Le Regioni con delibere ad hoc (sulla carta) finanziano progetti di integrazione nei quali alla base c’è il malato “da integrare”, con piani finanziari che erogano però molto dopo che hai portato una montagna di carta e certificati vari dei fondi tagliati prima che arrivi il tuo turno in graduatoria. La graduatoria, poi, dura mediamente dai due ai tre anni senza che tu possa in nome della c.d. privacy consultare chi c’è prima di te e chi c’è dopo di te… Un elenco di persone che non sai chi sia ma che prima di te deve ricevere dai 400 ai 300 euro al mese per avere l’assistenza del care giver (che di solito è il familiare che ha lasciato il lavoro per stare vicino al proprio familiare).

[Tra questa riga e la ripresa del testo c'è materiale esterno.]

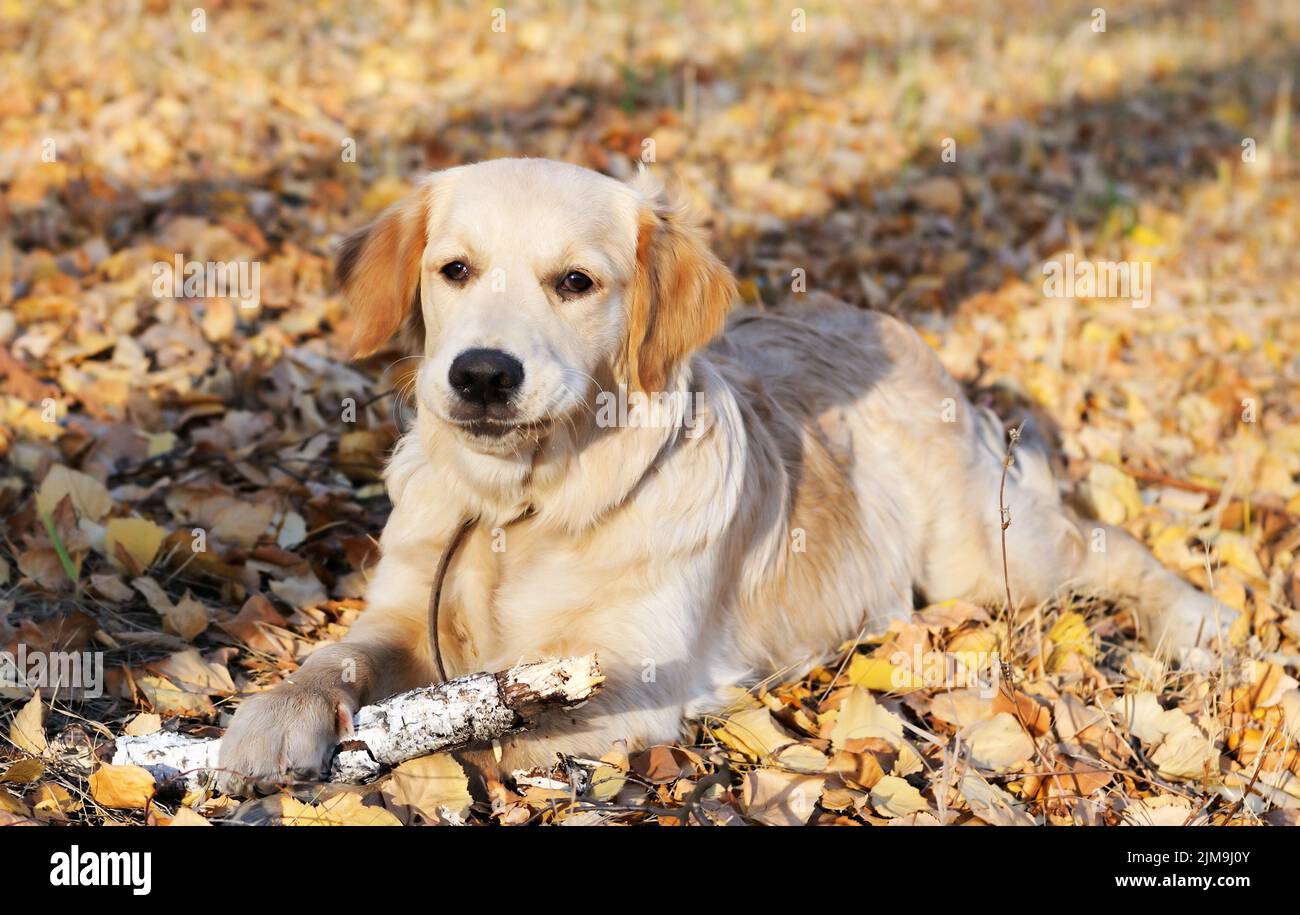 Perro joven Golden Retriever acostado sobre hojas de otoño Foto de stock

E così si resiste, si aspetta con il Covid che senza fissa dimora entra nelle case, nelle menti dei più fragili senza che qualcuno si ricordi che i malati psichiatrici sono persone che hanno pari diritti come coloro che soffrono di Sars-Cov-2, con l’aggravante che queste persone spesso soffrono di claustrofobia, di ansia e attacchi di panico. E sentire in televisione tutti i momenti l’elenco di morti, dei feriti, dei contagi e restrizioni certamente non aiuta la mente… Una mente che percepisce il negativo e ricorda l’incubo e non il ricordo, perché la nostra psiche ricorda di più il dolore che la gioia. E questo significa isolare chi è già culturalmente isolato, perché non è la malattia che isola ma è la società e la cultura dei disvalori che ci vuole ricchi, sempre giovani e di successo. Una “cultura dello scarto” che induce a rifiutare l’esistenza di persone che in fondo si accontenterebbero di poco, perché basterebbe ricevere un po’ di amore…

Infine, sorge la problematica che non lascia fuori da questo recinto: “che cosa succederà se al paziente psichiatrico vengono a mancare la sorella, il fratello, la mamma o il familiare che se ne prende cura?

Si apre lo scenario dell’Istituto e quindi ritorniamo al punto di partenza, qual è lo stato dell’arte della casa-famiglia? Chi pensa al caso di decesso dei familiari diretti che assistono questi malati? Affinché venga impedito lo sradicamento dal loro ambiente evitando ogni forma di apartheid ed emarginazione che li ucciderebbe consumandoli a poco a poco?

Il Vangelo ci insegna che nessuno dovrebbe essere lasciato indietro (oggi è una frase molto di moda a cui non segue alcun esempio pratico), ma la domanda è: l’attuale compagine governativa (preceduta dalle precedenti) come pensa di risolvere questa problematica esistenziale di persone condannate alla solitudine e all’abbandono?

Le associazioni di volontariato spesso fondate da familiari di questi pazienti fanno molto, sollecitando progetti di legge che spesso finiscono in un cassetto o a prendere polvere, ma quello che più importa è che sono le famiglie stesse a sobbarcarsi il peso massimo di essere “care giver”, letteralmente “portatori di cure”. Senza nessun riconoscimento da parte di chi discetta o legifera su bonus vari.